The First National Bank of York at various times between 1914 and 1924 loaned money on notes to the company. In March, 1927, the company was dissolved and ordered liquidated. The liquidator allowed the bank's claim but refused to make any assessment for the payment of the notes. The court below sustained this action because the bank failed to meet the burden of proof by not showing that the proceeds of the notes were used to pay fire losses, proper expenses, or for other legal purposes during the term of any particular policy. In other words, the bank was required to prove the purposes for which the money was used and that particular policies were affected thereby before an assessment could be levied. The court below held the bank to too strict a duty.
The situation must not be viewed as though the company were proceeding against policyholders but as a creditor pursuing the members. When a company sues, it has within its control all the evidence pertaining to this question. It knows or has the means of knowing how the money was applied, and if to pay off losses by fire, which losses, or for what other purposes it was applied. When a creditor attempts to force the state liquidator to make an assessment, all that it is necessary *Page 31 to show is that the money borrowed or credit given was within statutory authority of the company and was lawfully borrowed or loaned. It would be grossly unfair to require the bank, before an assessment is made, to follow money lawfully borrowed, account for its application, or, in default, to refuse an assessment, thus precluding recovery. When policyholders are called on to pay the assessment they are entitled to make any defense available. The assessment precludes nothing. We now merely decide that an assessment shall be made. The parties liable may be difficult of determination, but, as said in Stone v. Schiller Building Loan Assn., 302 Pa. 544, such difficulties cannot preclude recovery, and the liquidator will be required to assess those who may be held for liability under the law.

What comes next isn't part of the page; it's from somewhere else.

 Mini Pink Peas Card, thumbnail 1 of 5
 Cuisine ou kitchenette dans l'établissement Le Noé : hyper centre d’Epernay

The term "expenses" in the act is broad enough to include all other legal purposes as used in the by-laws. Both are limited by the object and purposes of the company, and, as this is a mutual concern and as liability requires assessment only against those who are members when the debt or obligation arises, these words dealing with liability must be so limited.
Decree reversed; the exceptions are sustained and the liquidator is directed to make the assessment to be paid by policyholders. Costs to be paid from the funds in the hands of the liquidator.